Wie sehr die Auswahl des Running Mate, des „Mitläufers“, tatsächlich die Entscheidung der Wähler beeinflusst, ist umstritten. Tatsächlich bauen die Wahlkämpfe beider Seiten stets auf der Person des Präsidentschaftskandidaten auf. Und während deren Kampagne von der Medienwelt auf Schritt und Tritt begleitet wird, sind die Auftritte der Vize-Kandidaten meist nur kurze Meldungen wert. In der Wahlkampfdynamik allerdings ist die Auswahl des Running Mate stets ein weiterer Höhepunkt, der die sonst durch teure Wahlkampfspots erkaufte Aufmerksamkeit auf die Wahlkampagne der Opposition richtet. Wer der Running Mate wird, ist stets auch ein politisches Signal, das vermutete Schwächen des Präsidentschaftskandidaten auszugleichen sucht: Gouverneure wie Bill Clinton suchen sich Senatoren wie Al Gore, um jemanden mit Washington-Erfahrung vorweisen zu können. George W. Bush wählte aus dem gleichen Grund Dick Cheney, der schon unter seinem Vater Regierungserfahrung gesammelt hatte – und einer der einflussreichsten Vizepräsidenten überhaupt wurde. Al Gore seinerseits wählte für seine Kandidatur im Jahr 2000 den Senator Joe Lieberman – der nicht nur den konservativen Flügel der Demokraten vertrat, sondern auch noch einer der wenigen führenden Köpfe der Demokraten war, der Bill Clinton öffentlich wegen der Lewinsky-Affäre kritisiert hatte. Er sollte Gore helfen, aus dem Schatten Clintons herauszutreten. Dass Lieberman auch noch der erste gläubige Jude war, der für ein solches Amt nominiert wurde, galt den Medien als besonders mutig. Letztendlich wahlentscheidend war jedoch keine dieser Besetzungen.

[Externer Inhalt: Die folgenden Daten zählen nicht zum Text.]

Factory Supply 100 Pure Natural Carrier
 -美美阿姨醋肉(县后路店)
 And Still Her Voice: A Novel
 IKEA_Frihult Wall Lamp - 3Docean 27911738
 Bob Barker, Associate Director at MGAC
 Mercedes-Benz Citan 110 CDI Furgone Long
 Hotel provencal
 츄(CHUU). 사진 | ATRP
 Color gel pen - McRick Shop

Die Entscheidung für Edwards soll drei Qualitäten einbringen, die Kerry nicht oder wenigstens nicht überzeugend zugestanden werden: Charisma, Volksnähe und Südstaaten-Verbundenheit. Aber Kerry weiß, dass er es ist, der die Wähler überzeugen muss. Edwards kann helfen, siegen muss Kerry.

Gleichwohl hat Bushs Wahlkampfteam keine Sekunde gezögert, um die ersten Breitseiten gegen Edwards abzuschießen. Zu unerfahren sei Edwards, der gerade seine erste Wahlperiode im Senat absolviert, einer dieser gierigen Anwälte zumal, die nichts anderes zu tun hätten, als der Wirtschaft das Leben zu erschweren, und überdies nur Kerrys zweite Wahl. Der nämlich, so war es wochenlang berichtet worden, hätte eigentlich gern den republikanischen Senator John McCain an seiner Seite gehabt, der sich in der jüngsten Auseinandersetzung über die Foltervorgänge im irakischen Abu-Ghraib-Gefängnis als harter Kritiker der Regierung profiliert hatte. Der aber hat nicht nur abgesagt, sondern sollte gerade gestern erstmals in einem Fernsehspot der Bush-Kampagne zu sehen sein.

Natürlich werden jetzt auch jene Zitate herausgesucht, mit denen sich die Rivalen Kerry und Edwards noch während der Vorwahlen belegt hatten: „Ich weiß nicht, ob John Edwards schon aus den Windeln heraus war, als ich 1969 aus Vietnam zurückkam“, hatte Kerry da gesagt. „Das soll die Person sein, die er [Kerry] jetzt für qualifiziert hält, Präsident der Vereinigten Staaten zu werden?“, kommentiert höhnisch Steve Schmidt, Sprecher des Bush-Wahlkampfes. Allzu viele Zitate werden sie allerdings nicht finden, denn schon während der Vorwahlen hatte sich etwa Edwards in Bezug auf Kerry deutlich zurückgehalten. Und hatte nicht während der republikanischen Vorwahlen 1980 der Kandidat George H. W. Bush die wirtschaftlichen Vorstellungen seines Rivalen Ronald Reagan „Voodoo Economics“ genannt, um dann doch als dessen Vize ins Weiße Haus einzuziehen?

Dennoch war es wohl kein Zufall, dass Kerry in seiner Rede in Pittsburgh neben vielen Lobesworten für John Edwards ausgerechnet einen Satz gleich zweimal sagte: Edwards sei „bereit für den Job“, insistierte Kerry.

Für Kerry geht es jetzt darum, das „Momentum“, den Schwung für seine Kampagne, bis zum Nominierungsparteitag der Demokraten in Boston am 26. Juli aufrecht zu erhalten und eine positive Grundstimmung für sein Team zu verbreiten. Die Choreografie seines Pittsburgh-Auftrittes war da eindeutig: Mit „Go Johnny Go“ entließ die Regie den Kandidaten zum Bad in der Menge.